KYUNJIP
Brand Design       2025        
Kyunjip is a fictional Korean street food restaurant located in New York City. The identity is built around a single central idea: cultural translation through typographic structure. Rather than representing Korean culture visually through illustration or ornamentation, the system finds its reference point in Hangul itself — the modular, geometric logic of how strokes stack, interlock, and form blocks. The custom logotype rebuilds the Latin letterforms of "kyunjip" using that structural language, creating something that sits between two writing systems without fully belonging to either. The result mirrors the restaurant's own position: Korean food rooted in tradition, operating fully within a contemporary urban context. 
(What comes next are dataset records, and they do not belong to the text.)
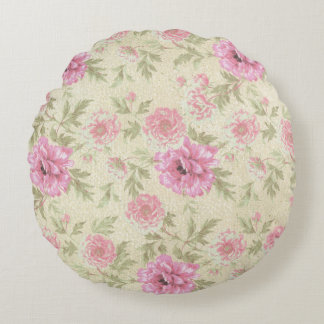 Almofada Redonda Vintage Cor-de-rosa-rosa Rosa Floral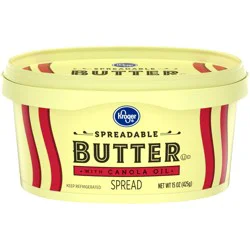 Kroger Spreadable Butter With Canola Oil - 15 oz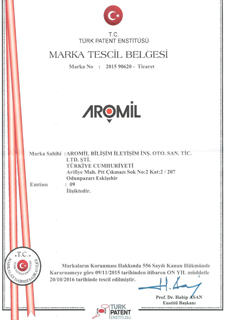 aromil marka tescil belgesi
The supporting materials, a promotional flyer, business card, postcard, and online menu, extend this identity across touchpoints through layered composition and typographic discipline. 

The identity uses two typefaces alongside the custom logotype: Zuume and Charter

Zuume handles display and navigational text with its condensed geometry naturally echoing the logotype's tight modular structure. 

Charter grounds the body copy, providing contrast through its more curved forms along, while retaining some similarity through its sharp serifs.


STRUCTURE & DESIGN

Business Card


The palette came directly from the food itself. The light, warm orange was pulled from the color of the popular and spicy tteokbokki, though the color has been muted here.

The forest green references the leafy vegetables that run through Korean cooking. Together they feel specific to the cuisine without being literal about it, and they keep the photography from reading as generic stock by pulling everything into the same tonal world.